4.2 Required Information. All Incident reports must, if applicable, include the following:
(a) Client’s name and/or identification number, if any, which BlueTalon shall provide to the Client soon after the Effective Date of these Support Terms.
(b) A reproducible Test Case that demonstrates the specific usage that causes the Incident being reported.
(c) Exact wording of all related error messages.
(d) A full description of the Incident and expected results.
(e) Any special circumstances surrounding the discovery of the Incident.
4.3 Severity Levels. BlueTalon will work with Client and will assign the appropriate severity level to all Incidents according to the Severity Level definitions. Severity Levels are assigned to allow prioritization of incoming Incidents. BlueTalon may reclassify Incidents based on the current impact on the BlueTalon Technology and business operations as described in the Severity Level definitions. If BlueTalon determines that an Incident is in fact an Enhancement Request, it shall not be addressed under these Support Terms.

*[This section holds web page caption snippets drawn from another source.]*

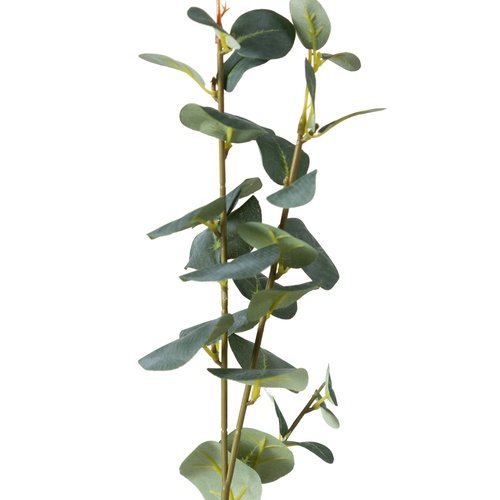 AURA DAL ÇİÇEK 70 CM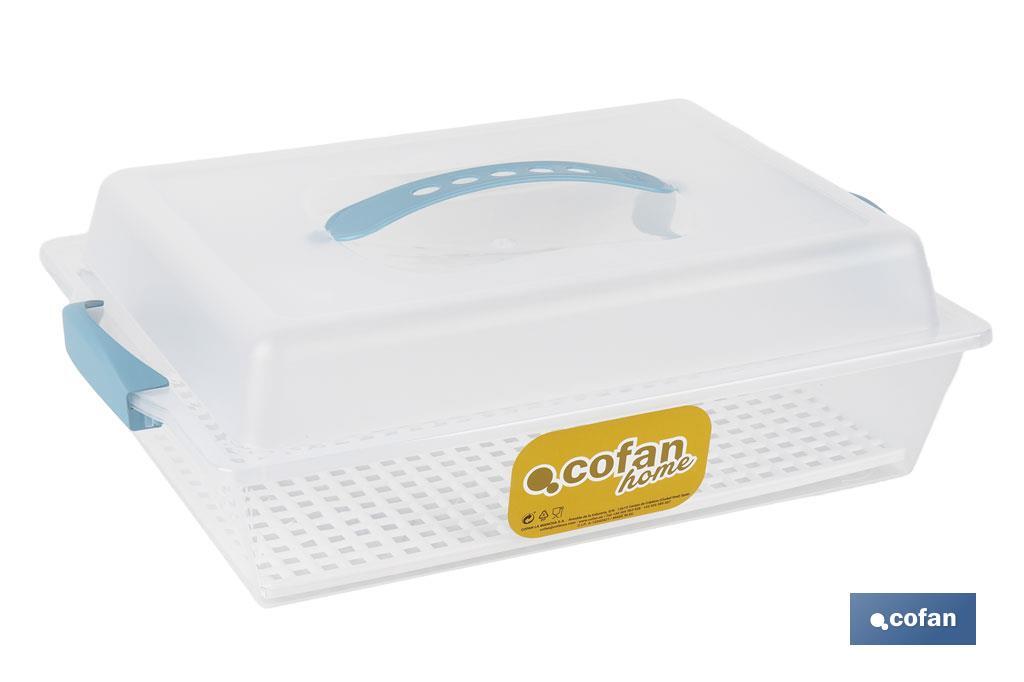 TARTERA RECTANGULAR PAVLOVA CON ASAS OPACA AZUL 38 X 28 X 13 CM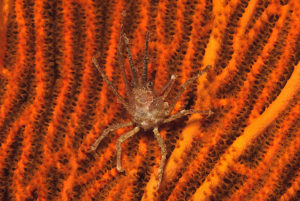 Coral Spider Crab (Hyastenus sp.)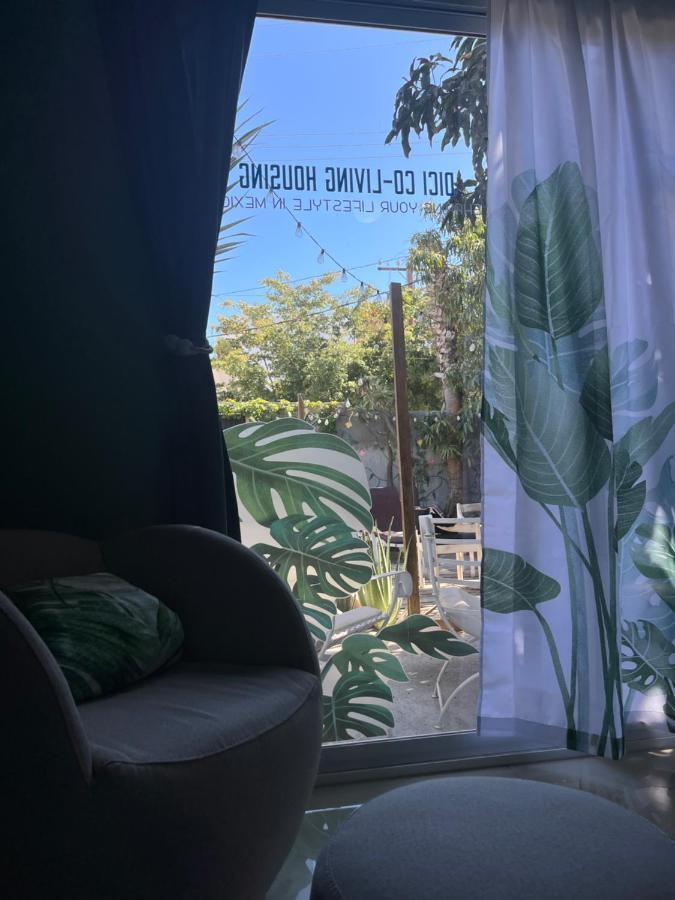 Dici Co-Living Housing Cabo San Lucas Bed & Breakfast Ngoại thất bức ảnh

4.4 BlueTalon’s Obligations. BlueTalon will make available Maintenance and Support access during Normal Support Hours for Client to report Incidents and receive assistance. On receipt of an Incident report, BlueTalon shall establish whether there is an Incident for which Client is entitled to Maintenance and Support under these Support Terms and, if so, shall:
(a) Confirm receipt of the Incident report and notify Client of the Incident case number that both parties must then use in any communications about the Incident.
(b) Work with Client to set a severity level for the Incident based on the criteria set forth herein.
(c) Analyze the Incident and verify the existence of the problem.
(d) Give Client direction and assistance in resolving the Incident pursuant to the terms described herein.
4.5 Response Time Goals.
4.6 Client’s Obligations. BlueTalon’s obligation to provide Maintenance and Support under these Support Terms are conditioned upon Client: (a) paying all applicable fees for Maintenance and Support prior to the date the Incident is reported; (b) having valid access to the BlueTalon Technology; (c) providing BlueTalon with all reasonable assistance and providing BlueTalon with data, information and materials as that are reasonably necessary; (d) procuring, installing and maintaining all equipment, telephone lines, communication interfaces and other hardware and BlueTalon Technology necessary to access the BlueTalon Technology; and (f) providing appropriate contact information for all Authorized Contacts(s).
5. EXCLUSIONS FROM MAINTENANCE AND SUPPORT.
BlueTalon will not be required to correct any Incident caused by (i) integration of any third party feature, program or device to the BlueTalon Technology or any part thereof; (ii) any non-conformance caused by unauthorized misuse, alteration, modification or enhancement of the BlueTalon Technology; or (iii) use of the BlueTalon Technology that is not in compliance with the Agreement.
These Support Terms are hereby incorporated by reference into the Agreement and represent the complete agreement between BlueTalon and Client regarding Maintenance and Support and supersedes any prior or contemporaneous agreements or communications or understandings, written or oral, relating to Maintenance and Support. These Support Terms will not be modified except by a properly executed written amendment between the parties. Any terms and conditions of any purchase order or other instrument issued by Client in connection with these Support Terms that are in addition to, inconsistent with or different from the terms and conditions of these Support Terms will be of no force or effect.